Perhaps the greatest challenge in the AI (Artificial Intelligence) industry at present is consensus on the definition of algorithm fairness. While exploring fairness, several tradeoffs need to be acknowledged such as:
- Discrimination versus ethics
- Justice, fairness and equality
- Individual versus group fairness
- Outcome and procedural fairness
One of the key dimensions to fairness is where it differs from regulation and enforcement of civil rights. Although the two there is a distinction between legality and ethics. Fairness is considered the avenue to explore these ethical considerations.
“When thinking about fairness and considering only discrimination, it does not mean it is wrong, it is just incomplete.” –Yochai Benkler
There are many social forces at play in defining fairness, yet ultimately it requires a human decision which requires balancing notions of justice, equality, and fairness.

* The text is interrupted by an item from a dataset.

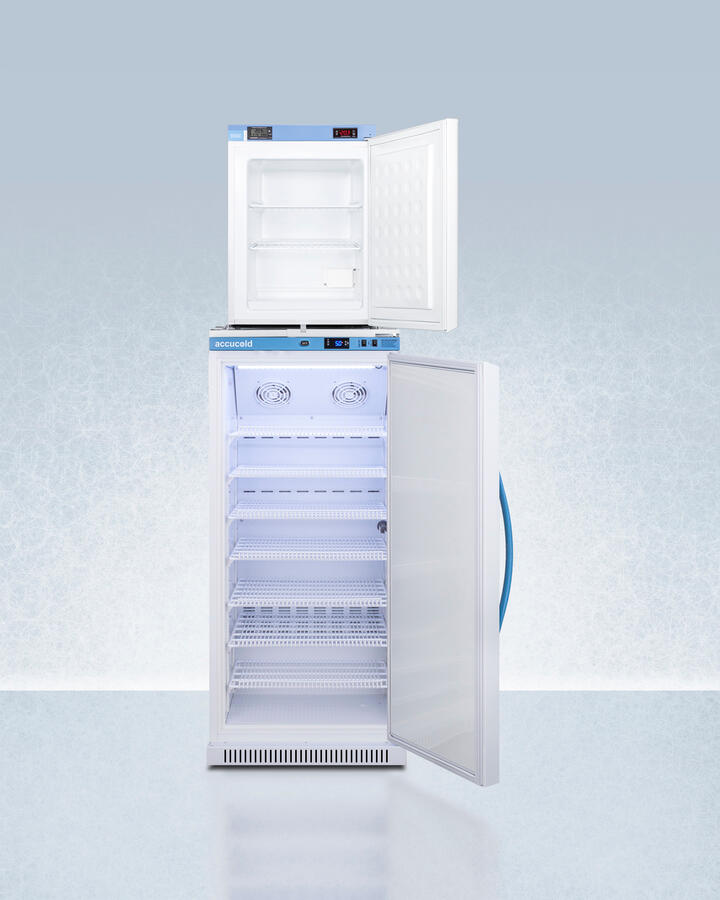 Summit ARS8PVFS30LSTACKMED2 Stacked Combination Of Ars8Pv All-Refrigerator With Antimicrobial Silver-Ion Handle And Hospital Grade Cord With 'Green Dot' Plug And Fs30Lmed2 Compact Manual Defrost All-Freezer For Vaccine Storage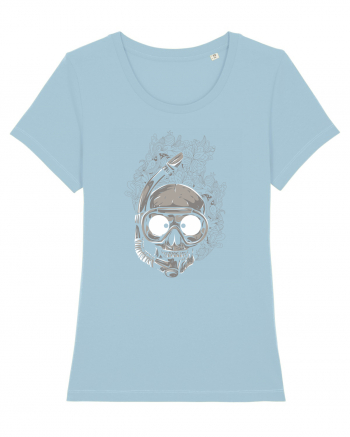 Scuba Diving Skull Sky Blue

Some examples of how fairness definitions changes across the AI industry include, but are not limited to:
- Fairness as equality
- Fairness as the absence of bias
- Fairness as addressing present injustices
- Fairness as mitigation of bias towards sensitive attribute groups
Taking the GDPR as an example one would recognize that despite the formal respect of procedures (in terms of transparency, lawfulness or accountability), the substantial mitigation of unfair imbalances that create situations of “vulnerability.” While in data protection law, data collection and thresholds that must be met for sufficient data protection, are specified, it is not clear what is sufficient when it comes to ethics in AI. By protection law, users have the right to object collection of data and an awareness of who owns their data. For fairness, it is generally conceded that businesses should be measuring and maintaining estimates of impact of fairness risks and data use. This is well-established across industries which use AI systems for high-stakes decision-making, such as healthcare, finance or aerospace. Beyond this, a common ask is the need to more precisely determine what practices should be deemed de facto unfair.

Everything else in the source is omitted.